Omni Bio Pharmaceutical, Inc. announced the presentation of interim clinical data demonstrating the ability of plasma-derived alpha-1 antitrypsin (AAT) to reduce inflammation and promote healing of damaged tissues in patients with graft-versus-host disease (GvHD), a common and potentially life-threatening complication following bone marrow transplantation. The positive interim results support continued clinical studies of this novel approach to treating GvHD and also highlight the potential value of Omni Bio's novel, recombinant AAT candidate, AAT-Fc, currently in preclinical development. Data from the first seven patients to complete the Phase 1/2 study were presented at the 56th annual meeting of the American Society of Hematology in San Francisco by Omni Bio's academic collaborators from the University of Washington and the Fred Hutchinson Cancer Research Center.

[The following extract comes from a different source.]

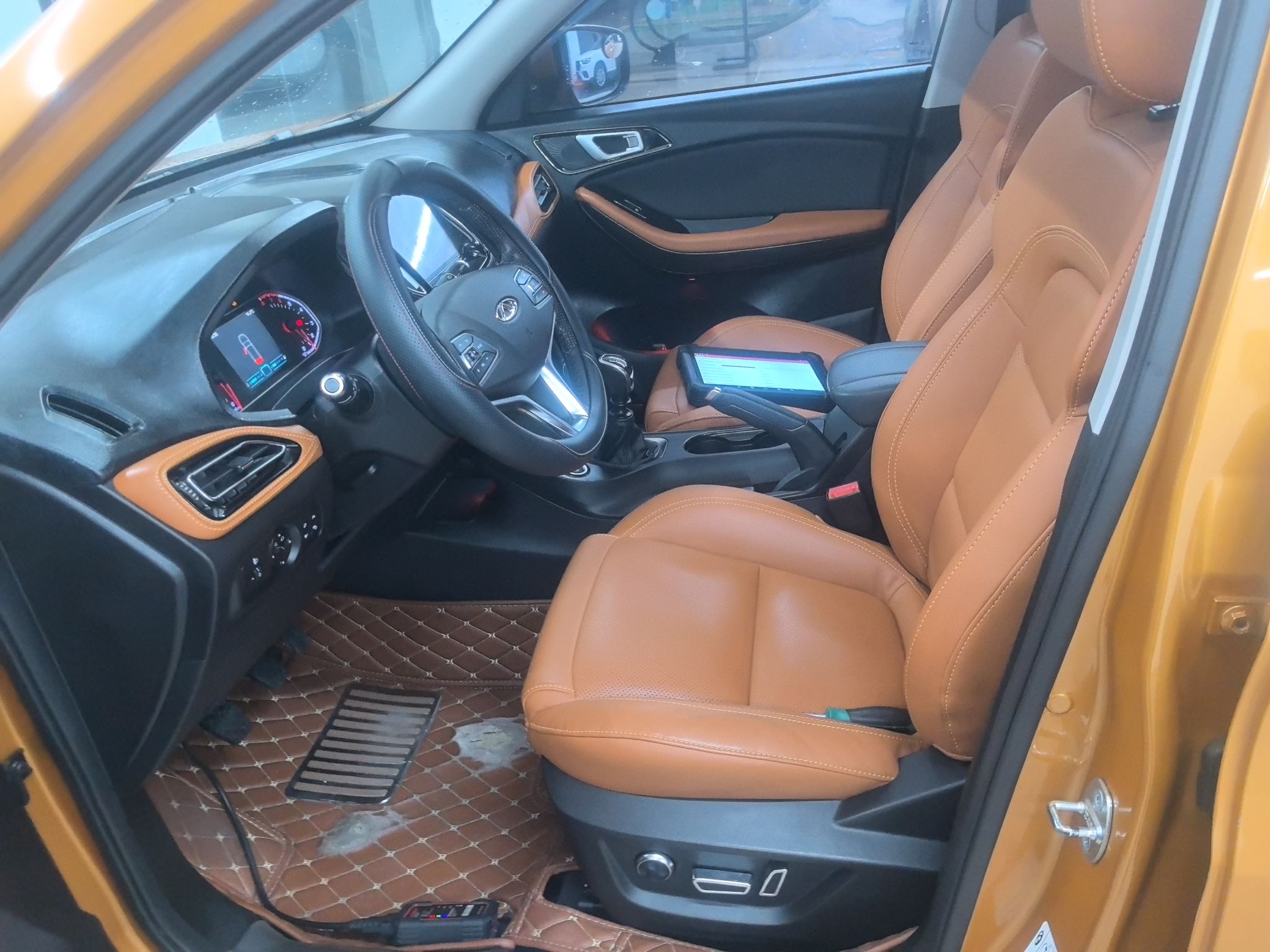 المقاعد الأمامية داخل السيارة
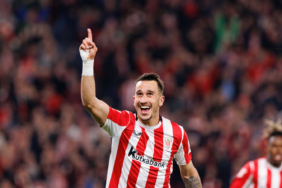 athletic-bilbaolu-oyuncu-alex-berenguere-evinde-silahli-saldiri-xs2d.jpg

Following allogeneic stem cell transplants to treat leukemic malignancies, the patients in the study all developed severe acute GvHD symptoms (severe diarrhea, loss of mucosal lining in the gut) but did not respond satisfactorily to standard of treatment including high dose steroids. The patients then received intravenous doses of plasma-derived AAT every other day for a total of 8 doses (15 days) in an attempt to alleviate their GvHD symptoms. The investigators concluded that the administration of AAT as a safe salvage therapy for gut GvHD is feasible without clinically relevant toxicity. Stool sampling showed a decrease in intestinal AAT clearance and endoscopic evaluation confirmed healing of the bowel mucosa.

The overall findings suggest that further evaluation of AAT as treatment for steroid refractory GvHD, or as first line therapy, is warranted.